Figure 8 presents the intermediate results of the BIT and the proposed method on the SECOND. It can be seen that BIT shows obvious misjudgment in the recognition of semantic types, which may be caused by its transformer receiving only the lowest semantic features from the CNN, resulting in inadequate semantic information. The proposed method not only effectively reduces the response to unrelated information and improves the classification ability of different objects via the PRTB backbone, but it also successfully leveraged the MCFM module to accurately detect change regions and improve boundary expressability. It is worth noting that in the case of extreme label imbalances, water is detected more accurately by SMNet, which demonstrates that the proposed method achieves excellent performance for remote sensing image SCD.

5.2. Ablation Experiments

To validate the contributions of the key components of our framework, four sets of ablation experiments were performed on the SECOND. In this paper, we use the backbone network composed of the P-Res block as the baseline. Each module is joined to the network framework individually for performance evaluation on basis of the baseline. The results are listed in Table 2.

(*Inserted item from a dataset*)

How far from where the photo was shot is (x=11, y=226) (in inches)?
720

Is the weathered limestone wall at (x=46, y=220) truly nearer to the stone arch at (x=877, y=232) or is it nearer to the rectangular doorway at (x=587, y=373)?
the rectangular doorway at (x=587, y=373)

As shown in rows 1 and 2 of Table 3, compared with the baseline, the addition of the multi-task loss achieves a gain of 0.34% and 0.73% for mIoU and Sek, respectively. This indicates that the multi-task loss improves semantic expressability via co-supervised model training. The third row of Table 2 shows that the addition of the PRTB backbone achieves significant improvements in all metrics, which is due to that our PRTB backbone considers more global information and context information of the model. From the last row of Table 2, introducing the MCFM increases the mIoU value from 71.50% to 71.95% and the Sek value from 19.45% to 20.29%, respectively. This illustrates that the MCFM is effective in highlighting the boundaries of change areas. Some of the visualization results are shown in Figure 9, which illustrates the improvements in terms of fewer missed and false detection. In particular, the ability to distinguish ground, low vegetation, and tree categories have been significantly increased.

In addition, the performance exhibited by different layer transformer blocks on the SECOND dataset is discussed in this paper, and the results are shown in Table 4. It can be seen that too many transformer blocks decrease the detection effectiveness of the network. When the number of n-layers is set to (1, 2, 4, 2, 1), the best detection results are obtained at mIoU and SeΚ, which reduces redundant computation.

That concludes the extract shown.